My buddy is putting a Vortex something or other on his ar-15. Hes pretty big on the vortext stuff for some reason. Seems pretty pricey to me.


----------



## Bigmtman (Feb 4, 2008)

Thanks guys im looking all these up and doing some reading on them all.


----------



## boatnut (Nov 22, 2006)

MassillonBuckeye said:


> My buddy is putting a Vortex something or other on his ar-15. Hes pretty big on the vortext stuff for some reason. Seems pretty pricey to me.


Vortex does make some pricey optics but they have some great stuff to fit just about anyone's budget.

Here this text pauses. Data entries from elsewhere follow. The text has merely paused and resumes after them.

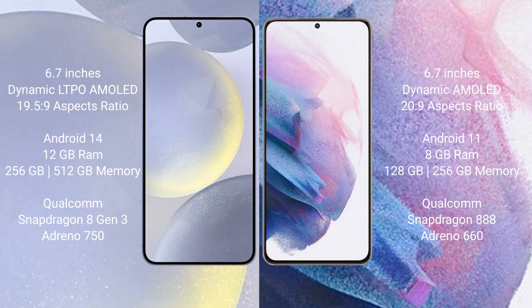The Samsung Galaxy S24 Plus runs on Android 14, while the Samsung Galaxy S21 Plus runs on Android 11. The S24 Plus comes with 12GB RAM and 256GB or 512GB internal storage, a Qualcomm Snapdragon 8 Gen 3 processor, and GPU Adreno 750. The S21 Plus comes with 8GB RAM and 128GB or 256GB internal storage, a Qualcomm Snapdragon 888 processor, and GPU Adreno 660.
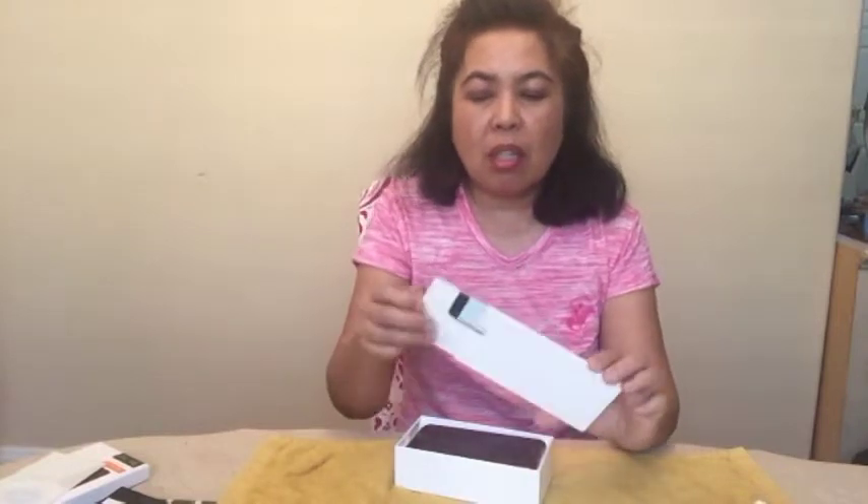I ordered the phone and it arrived today. I ordered a Product Red, and if you purchase the red, part of the sale profit goes to COVID-19 relief. So this is the box, and this one here comes with information.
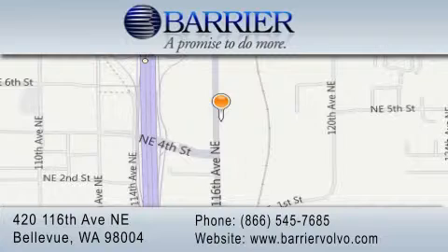And much more. For additional information, please visit our website, give us a call, or stop by our dealership. We are conveniently located in downtown Bellevue, just off I-405 at 420 116th Avenue NE. We look forward to serving you.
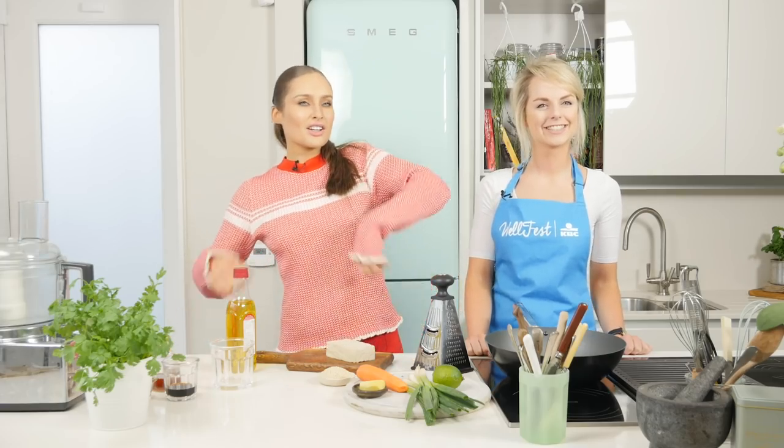Guys, I am back in the kitchen with none other than Ciara from KVC. Ciara is going to be helping me today make delicious ginger cauliflower rice stir fry.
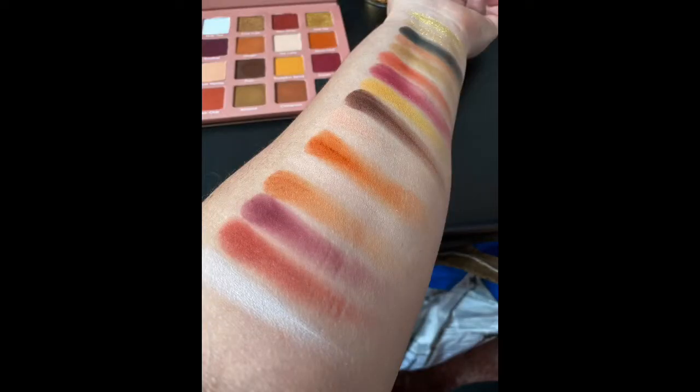So this is what the palette looks like inside. You have a gorgeous mix of lighter browns, darker browns. There's some berry tones, some more orangey browns. You have a white and a black, so you have everything you need to make a neutral look with this palette. I really enjoy it. There are two shimmers that are more goldy toned.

I mounted one of their Crossfire II's on my AR then mounted a Tru-Glo red dot on top of that for close in shooting. My old eyes need a little more magnification then some of you young bucks, so I like the 4-12 power.


----------



## TomC (Aug 14, 2007)

bushnell ar optics, 4.5-18x40 amazing scope for the price, good clear glass and the reticles are easier to see than on the Nikons. I know I looked for 6 month at scopes before I settled on this one. Im glad I did. Its got the bdc in it for up to 500yrs using the 55gr vmax. I know that out to 200yrds its dead on, I don't have a place to shoot longer than that so I cant give much info on 300+. Its mounted on a RRA with an 18" stainless heavy barrel, and it shoots 1/4" groups at 100 and 200yrds.


----------



## F1504X4 (Mar 23, 2008)

I had a vortex strikefire2 red dot for a little while which was very nice but decided to go with a magnified scope for hunting. After looking at the bushnell AR, Nikon p223, and vortex crossfire2 I ended up with the Burris predator quest 2-7x32. I like the lower power. It's great for anything right up close all the way out to a few hundred yards.










Sent from my iPhone using Ohub Campfire


----------



## buckeye dan (Jan 31, 2012)

Bigmtman said:


> That looks good.I'm trying to find a scope that I can use open eyed (both eyes) and at close range 20-50 yards but then be able to use it at 300 yards.I don't want to have to buy a Eotech for close range and then a regular mill dot scope for bench shooting.
> I think Leopold has a AR scope that might work and it has a red dot and mill dots.


Have you considered accessory offset mounting a reflex/hollowsight? Fastfire, Speed Dot, Deltapoint, Eotech etc.. That would be the go to sight for all your closeup work and be independent of your magnifying optics used for precision work at range. Both eyes open as well.

If I understand what you are trying to accomplish, the only inline option is to introduce a companion/co-witness magnifier of some sort that will need added and removed based on distances. It takes a considerable amount of practice to go with a dual independent sight setup but once you master it, the order is filled.

You get your reflex site for that 0-75 yard work and a different optic for whatever is beyond. You can add that option with a few extra ounces. It's not really that bad.


----------



## Bigmtman (Feb 4, 2008)

I'll check that scope out,thanks looks good.


----------



## F1504X4 (Mar 23, 2008)

http://palmettostatearmory.com/inde...m-bdc-riflescope-and-burris-pepr-mount-2.html

This is a heck of a deal!!!!


----------



## Bigmtman (Feb 4, 2008)

Yes it is.


----------